A group of Southern women masters rowers took their skills overseas in November to tackle the Head of the Yarra race in Melbourne.
Jacqui van Dam, Cecilia Russell, Katrina Allan, and Virginia Sweney teamed up with their original coxswain Paula Burke from back in high school, to enter their first international race.
Being an 8+ squad race they then imported Bridget McArthur from North End in Dunedin, Robyn Cameron from Port Chalmers, Maude O’Connell from Cromwell and Amanda Puddle from Cambridge for the 8km race.
The iconic regatta that has been going since 1956, was very technical and featured many corners and bridges that the coxswain’s had to negotiate.
“Our coxswain had the course all mapped well in advance and all the angles had to be worked out,” Jacqui said.
Entered into the E-age group with others in their 50s and 60s, they were racing against 19 other teams - which was the largest group in the competition.
Jacqui said they started off the race strong “and we were smashing it home,” even rowing past other boats in groups that left before them in the time trials.
Sitting in about 2nd place, and heading into the last 2.5kmm Paula had negotiated the last big bend and came out of it beautifully, but the pin on the rudder string popped and they lost their steering.
Having to steer the boat using body weight, they managed to pull up to a pontoon and were lucky not to crash in the process.
Using some kiwi ingenuity, they used a bungi cord as a temporary fix and found a gap on the river to re-enter the race again.
“We decided, right, we’re going to finish the race in style.

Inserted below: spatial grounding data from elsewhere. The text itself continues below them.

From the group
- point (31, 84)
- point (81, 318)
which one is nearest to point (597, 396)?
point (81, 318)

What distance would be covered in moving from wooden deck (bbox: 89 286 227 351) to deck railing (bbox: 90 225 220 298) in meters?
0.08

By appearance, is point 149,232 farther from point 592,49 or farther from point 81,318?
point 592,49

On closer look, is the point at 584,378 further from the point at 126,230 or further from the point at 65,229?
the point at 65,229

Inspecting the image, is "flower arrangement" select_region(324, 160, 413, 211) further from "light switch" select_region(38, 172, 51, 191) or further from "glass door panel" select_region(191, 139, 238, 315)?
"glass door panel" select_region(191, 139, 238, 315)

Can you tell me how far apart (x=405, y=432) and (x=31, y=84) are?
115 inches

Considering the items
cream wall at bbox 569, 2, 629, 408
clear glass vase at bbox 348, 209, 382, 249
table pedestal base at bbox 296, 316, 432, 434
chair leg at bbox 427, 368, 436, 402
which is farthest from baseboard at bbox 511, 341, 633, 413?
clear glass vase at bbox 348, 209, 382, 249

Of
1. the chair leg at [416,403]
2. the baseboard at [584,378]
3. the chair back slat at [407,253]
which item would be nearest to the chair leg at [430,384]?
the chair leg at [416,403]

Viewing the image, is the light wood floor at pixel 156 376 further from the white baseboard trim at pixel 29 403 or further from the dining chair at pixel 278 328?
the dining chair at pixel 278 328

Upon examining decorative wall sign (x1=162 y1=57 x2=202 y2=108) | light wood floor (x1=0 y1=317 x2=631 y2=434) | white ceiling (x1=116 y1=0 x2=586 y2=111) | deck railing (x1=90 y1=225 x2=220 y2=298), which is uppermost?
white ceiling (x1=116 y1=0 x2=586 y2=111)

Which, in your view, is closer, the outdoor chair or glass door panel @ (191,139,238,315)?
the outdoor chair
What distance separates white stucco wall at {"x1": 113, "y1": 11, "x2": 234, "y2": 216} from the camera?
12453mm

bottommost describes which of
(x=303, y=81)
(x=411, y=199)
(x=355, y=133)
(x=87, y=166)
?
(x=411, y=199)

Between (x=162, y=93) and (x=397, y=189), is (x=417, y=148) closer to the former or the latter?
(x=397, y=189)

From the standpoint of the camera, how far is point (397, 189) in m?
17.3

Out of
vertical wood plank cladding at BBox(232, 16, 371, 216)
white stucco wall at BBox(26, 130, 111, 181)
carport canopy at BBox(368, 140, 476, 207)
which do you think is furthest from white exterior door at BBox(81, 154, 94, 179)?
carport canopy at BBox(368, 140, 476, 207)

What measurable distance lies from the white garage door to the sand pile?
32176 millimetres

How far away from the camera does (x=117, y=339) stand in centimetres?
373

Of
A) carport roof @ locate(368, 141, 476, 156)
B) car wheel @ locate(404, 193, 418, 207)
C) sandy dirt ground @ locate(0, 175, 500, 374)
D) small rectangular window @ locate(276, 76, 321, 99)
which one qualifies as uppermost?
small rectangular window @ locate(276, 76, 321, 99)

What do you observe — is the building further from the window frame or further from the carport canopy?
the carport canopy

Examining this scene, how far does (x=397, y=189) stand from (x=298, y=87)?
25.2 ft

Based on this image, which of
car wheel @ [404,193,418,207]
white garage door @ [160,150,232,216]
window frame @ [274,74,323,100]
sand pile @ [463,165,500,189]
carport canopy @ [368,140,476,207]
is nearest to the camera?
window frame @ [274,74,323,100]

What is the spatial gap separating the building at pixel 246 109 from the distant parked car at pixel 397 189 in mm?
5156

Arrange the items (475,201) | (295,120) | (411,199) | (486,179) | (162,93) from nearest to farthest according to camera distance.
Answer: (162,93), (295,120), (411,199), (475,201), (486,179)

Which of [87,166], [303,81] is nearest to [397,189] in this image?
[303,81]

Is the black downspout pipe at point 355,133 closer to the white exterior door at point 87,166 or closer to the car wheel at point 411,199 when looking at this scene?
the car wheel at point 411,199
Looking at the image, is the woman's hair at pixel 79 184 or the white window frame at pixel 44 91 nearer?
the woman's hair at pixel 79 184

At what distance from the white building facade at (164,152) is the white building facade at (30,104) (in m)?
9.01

We got the fire in our bellies,” she said.
Finishing the best they could, the group think they probably lost about 8-10 minutes with their breakdown. “We knew we were right up there.”
But Jacqui said there could have been many others reasons not to finish - about 60 competitors were treated for heat stroke, and the main races which catered for the elite younger rowers were cancelled because of the heat wave.

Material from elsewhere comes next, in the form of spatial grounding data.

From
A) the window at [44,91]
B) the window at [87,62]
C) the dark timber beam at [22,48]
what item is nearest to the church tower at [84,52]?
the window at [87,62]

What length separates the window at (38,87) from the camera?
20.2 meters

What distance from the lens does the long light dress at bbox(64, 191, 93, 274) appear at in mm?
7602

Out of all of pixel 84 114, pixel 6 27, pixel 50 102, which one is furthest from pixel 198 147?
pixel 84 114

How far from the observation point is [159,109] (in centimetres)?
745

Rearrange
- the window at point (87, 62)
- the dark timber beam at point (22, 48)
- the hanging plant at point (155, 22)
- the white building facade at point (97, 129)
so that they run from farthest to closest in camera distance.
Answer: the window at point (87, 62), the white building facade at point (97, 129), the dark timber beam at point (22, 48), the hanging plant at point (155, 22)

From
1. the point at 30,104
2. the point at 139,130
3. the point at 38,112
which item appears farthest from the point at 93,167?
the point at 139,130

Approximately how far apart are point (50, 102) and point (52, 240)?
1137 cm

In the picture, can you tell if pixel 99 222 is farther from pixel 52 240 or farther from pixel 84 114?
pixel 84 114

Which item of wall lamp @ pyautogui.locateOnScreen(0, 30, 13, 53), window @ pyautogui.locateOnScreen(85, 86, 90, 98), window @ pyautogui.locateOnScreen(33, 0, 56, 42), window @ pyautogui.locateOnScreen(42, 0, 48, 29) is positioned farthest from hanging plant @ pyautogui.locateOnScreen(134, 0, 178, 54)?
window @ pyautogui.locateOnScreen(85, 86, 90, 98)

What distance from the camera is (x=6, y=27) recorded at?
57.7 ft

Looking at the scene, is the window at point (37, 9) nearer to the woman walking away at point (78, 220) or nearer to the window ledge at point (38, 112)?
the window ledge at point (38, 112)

They’ll probably be back, “we’ve got unfinished business here,” she said.
There’s also other rowing events in the pipeline over the next year, including the New Zealand Masters in September 2025.
“We’ve got a real taste of international events now.” She said the Head of the Charles in Boston was another favourite on their list - and slightly shorter, being only 5km.
“We’d quite like to get to that at some stage.”
Jacqui said the camaraderie within their group was what kept them going strong, and it was nice to also have other people comment on how well they all got on together.
“It was so cool to be away with a real neat group of people.”